Otoritas China pada Senin lalu menyebut adanya cuaca 'neraka', di mana suhu telah mencapai rekor 52,2 derajat Celcius (126 derajat Fahrenheit) di barat laut negara itu selama akhir pekan.
India sebagai negara importir batu bara terbesar kedua setelah China juga mengalami peningkatan produksi dalam negeri. Di sisi permintaan, India berpotensi mengalami pelemahan.

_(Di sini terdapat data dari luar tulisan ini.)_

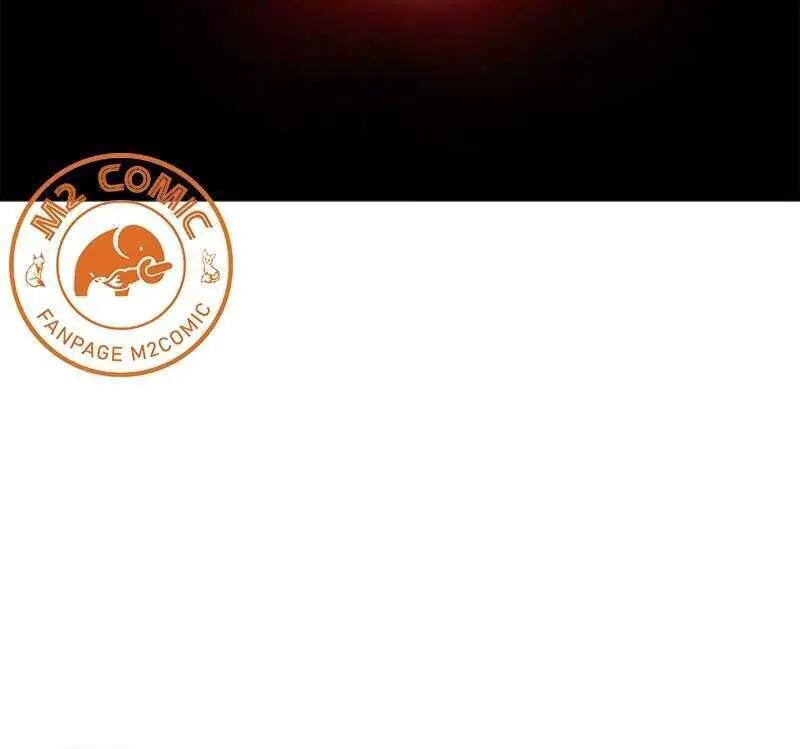Lãng Tiên Kỳ Đàm Nettruyen ZZZ Chương 29 Page 13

Tak hanya di China, gelombang panas juga mulai menerjang Benua Biru, seperti di selatan Prancis, Italia, Spanyol, dan Yunani.
Kenaikan harga batu bara juga ditopang oleh proyeksi meningkatnya peningkatan listrik pada 2024.

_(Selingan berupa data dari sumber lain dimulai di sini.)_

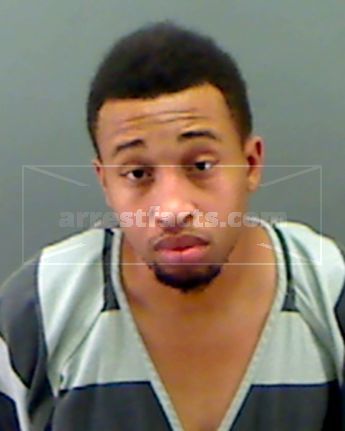 Cameron Davis Shaw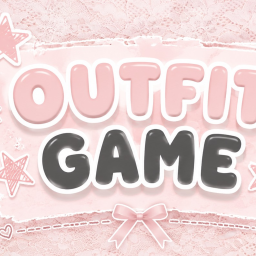 [🐾new ] pick me egirl outfits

Sebelumnya, krisis energi yang terjadi akibat adanya shortage batu bara memaksa harga batu bara mengalami perlambatan sepanjang 2023.
Namun, melansir Reuters, International Energy Agency (IEA) memperkirakan akan terjadi rebound permintaan listrik pada 2024 yang artinya perlu ada sumber energi lain untuk menyokong tingginya kebutuhan.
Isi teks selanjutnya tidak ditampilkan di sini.